La Commissione europea, nelle sue previsioni estive, ha tagliato la stima di crescita 2018 dell’Eurozona, dal 2,3% al 2,1%, e dell’Italia, dall’1,5% all’1,3%. Il nostro Paese si conferma fanalino di coda in Europa, insieme alla Gran Bretagna. Per Bruxelles, pesano sia le incertezze a livello globale che interno. Su quest’ultimo punto viene fatto notare che “ogni riemergere di timori o incertezze sulle politiche economiche, e il possibile contagio dei tassi più alti sui costi di finanziamento delle imprese, possono peggiorare le condizioni del credito e zittire la domanda interna”, che resta l’asse portante della ripresa italiana. «Mi fa piacere che la Commissione europea si ricordi della domanda interna. Peccato che lo faccia solo quando le fa comodo, visto che poi la distrugge costantemente non permettendo al motore pubblico degli investimenti di entrare in funzione», ci dice Gustavo Piga, Professore di Economia politica all’Università Tor Vergata di Roma.



Professore, la Commissione segnala i rischi di tassi più alti, che tra l’altro sono stati influenzati dal recente rialzo dello spread, che ha effetti negativi anche sui conti pubblici. Perché il costo del nostro debito continua a salire? 

Certamente per una maggiore incertezza degli operatori, dovuta anche alle dichiarazioni assolutamente poco consone di alcuni ministri riguardo l’incertezza sulla permanenza dell’Italia nell’euro e la necessità di avere un piano B. Non c’è dubbio, però, che il vero problema sia quello sintetizzato da Draghi nella sua audizione al Parlamento europeo, quando ha detto che manca una conoscenza di quelli che sono i progetti reali del nostro Governo. 



Sembra che l’esecutivo voglia scoprire le carte solamente a settembre con la nota di aggiornamento del Def…

In realtà non è l’aggiornamento di nulla, dato che un Def non c’è. Quello presentato da Padoan non è un vero Def, visto che manca la parte programmatica. Il nuovo Governo avrebbe dovuto supplire subito a questa carenza, invece non l’ha fatto.

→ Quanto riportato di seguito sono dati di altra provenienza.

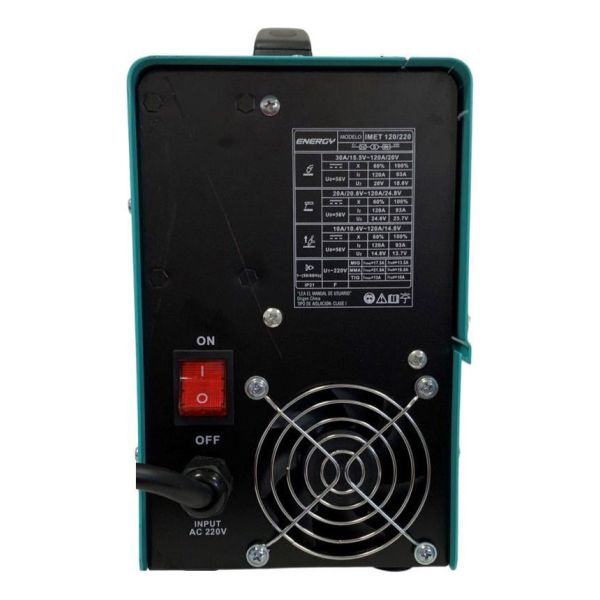 Soldadora Inverter 120amp 3 En1 Mig Electrodo Energy Imet120 - Imagen 5
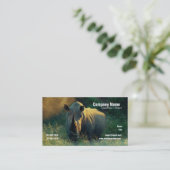 cartes blanches de profil de safari de rhinocéros (Debout devant)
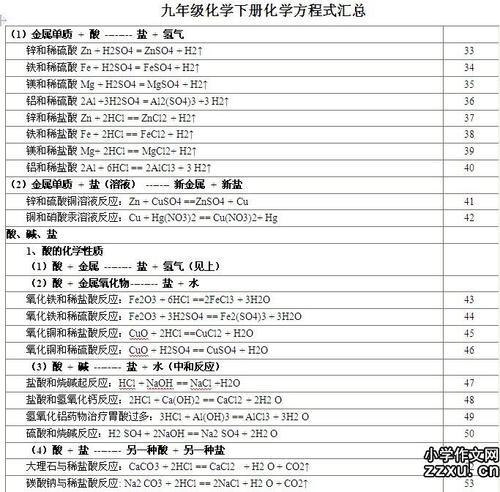 初中化学教学工作计划范文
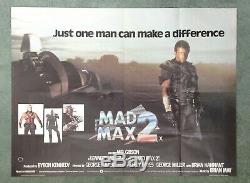 MAD MAX 2 (1981) original UK quad movie poster Mel Gibson Road Warrior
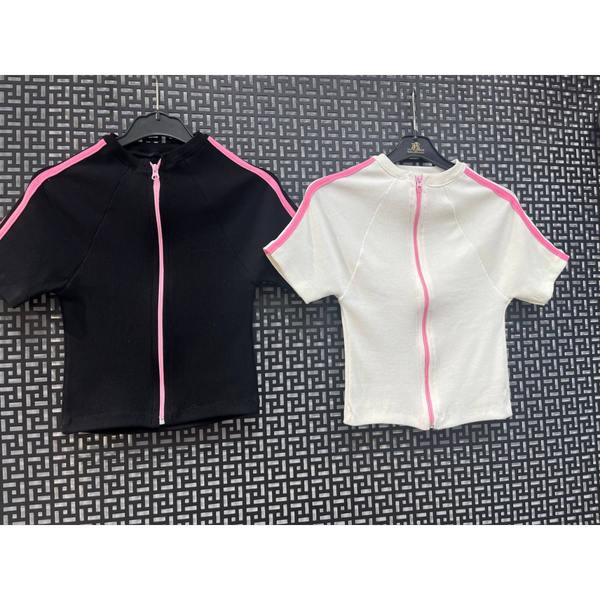 تیشرت زیپی کش پنبه آدیداس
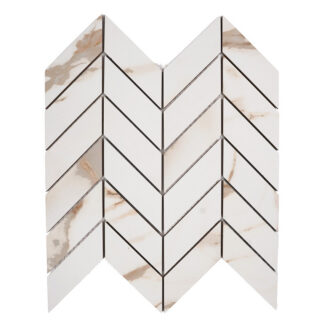 Gold 12X12 Chevron Mosaic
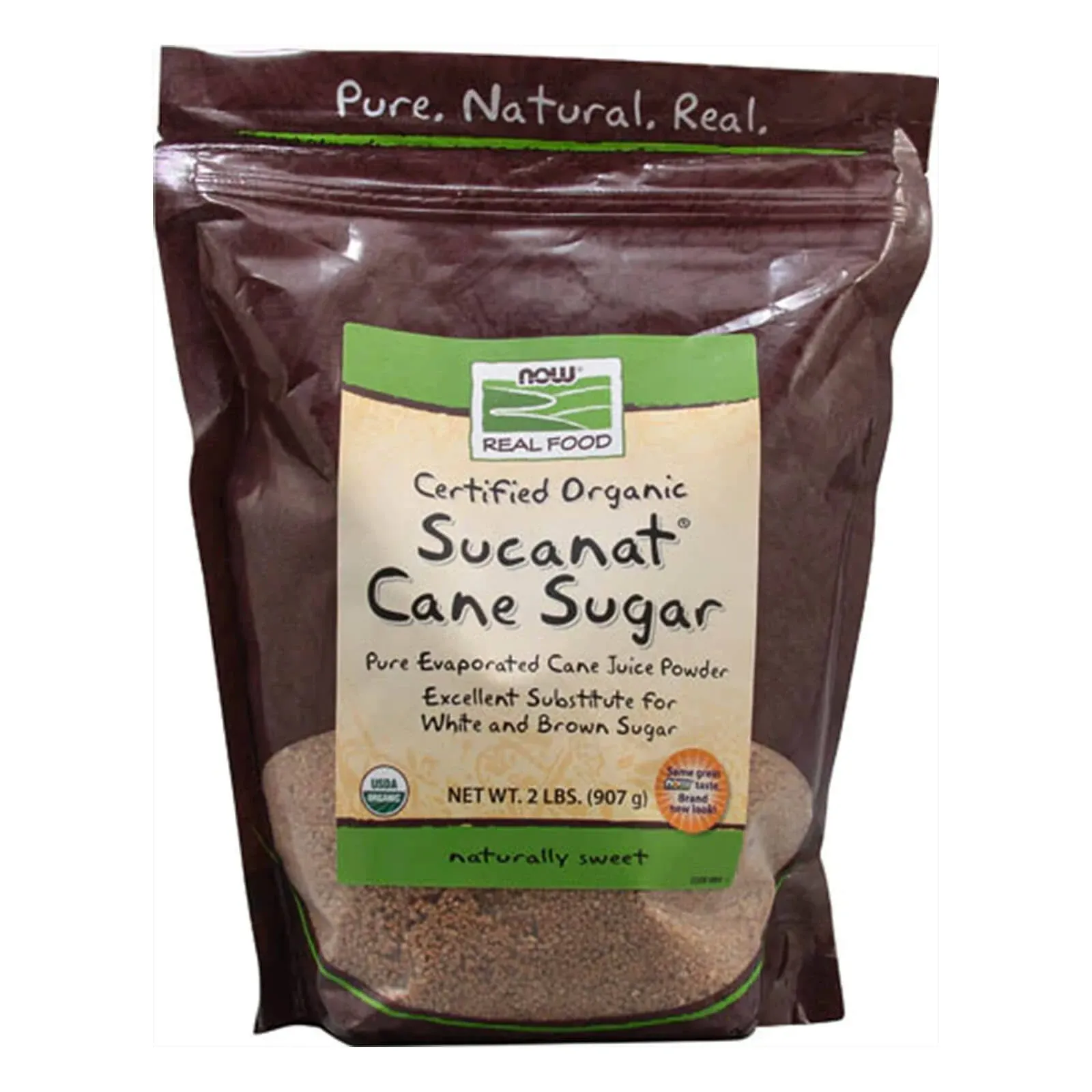 Sucanat Organic 2 lb By Now Foods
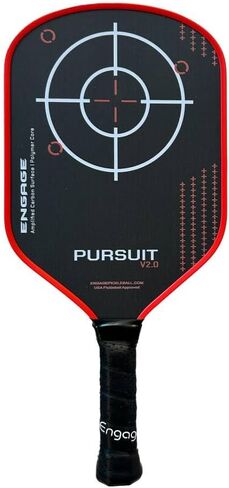إشراك Pursuit v2.0 Pickleball Paddle - سطح الكربون المضخم للتحكم الفائق وتدور مع استجابة+ بوليمر Core ، معتمد من USAPA - للاعبين من أي مستوى مهارة in Saudi Arabia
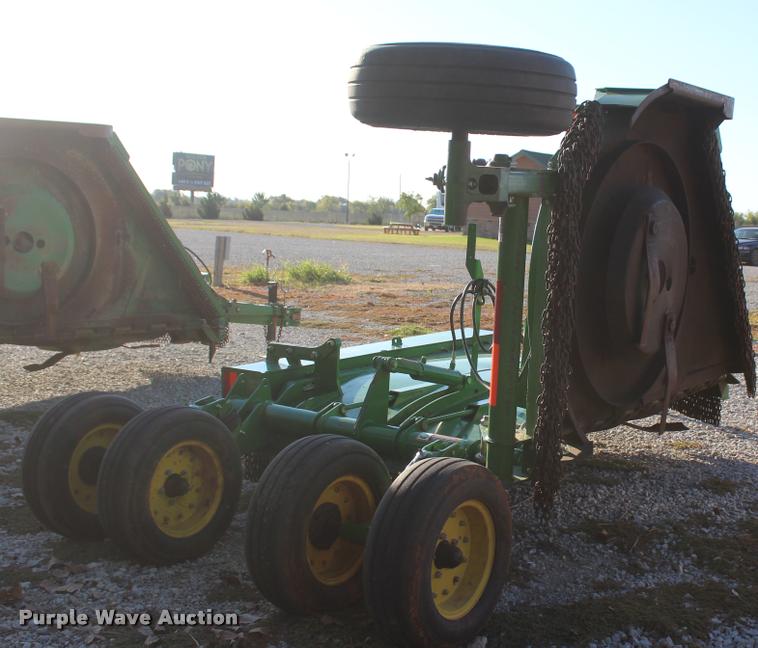 image for item L4813 2015 John Deere CX15 flex-wing rotary mower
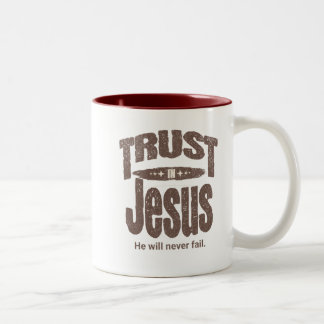 Trust in Jesus mug Zweifarbige Tasse
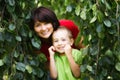 Mother Son Portrait Royalty Free Stock Photo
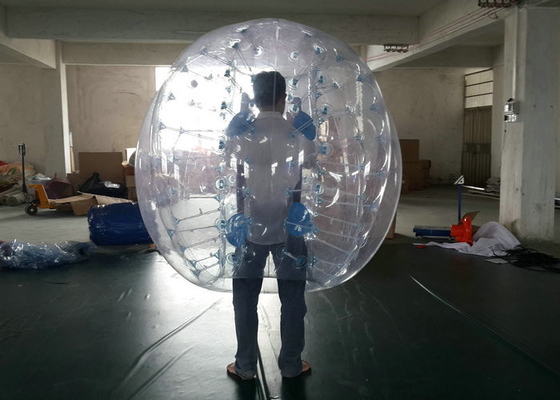 Game Sepak Bola Inflatable Human Ball, Bumper Bubble Ball Lead Free Materials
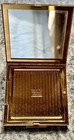 Vintage Elgin American Gold Tone Square Compact Mirror w/Pouch & Box. 1950’s Exc — photo 4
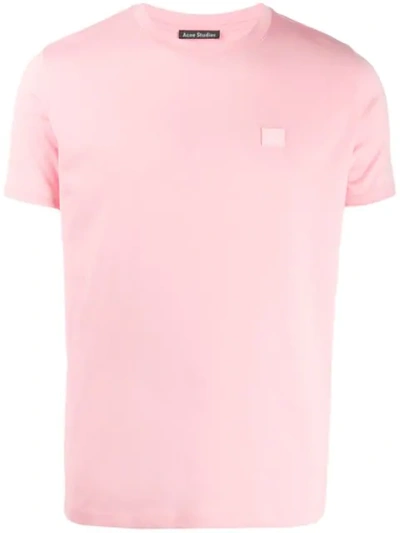 Shop Acne Studios Face-patch T-shirt In Pink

È normale che in assenza di tale documento programmatico ci siano nervosismi amplificati da comportamenti a mio avviso poco responsabili da parte di alcuni ministri. 

Secondo lei che tipo di documento programmatico ci vorrebbe?



Abbiamo bisogno di un Def che si focalizzi su un deficit al 3%. Credo che Tria sia conscio di questo quando continua a evitare di parlare di deficit, parlando invece di debito per cercare di crearsi dello spazio per politiche a supporto della crescita, però è ovvio anche che ci sono delle dinamiche interne che precludono al ministro dell’Economia di fare affermazioni più precise. E questo è grave, perché crea incertezza e perché fa pensare che poi alla fine la spunteranno i falchi dell’Europa che si autodistrugge piuttosto che le colombe di chi vuole un’Europa che si riprenda grazie anche alle politiche degli investimenti pubblici e della domanda interna che la Commissione riconosce quando le fa comodo. 

Questa incertezza sulle politiche che il Governo intende realmente attuare secondo lei da cosa dipende: inesperienza delle forze al Governo, dissidi e divergenze tra loro…?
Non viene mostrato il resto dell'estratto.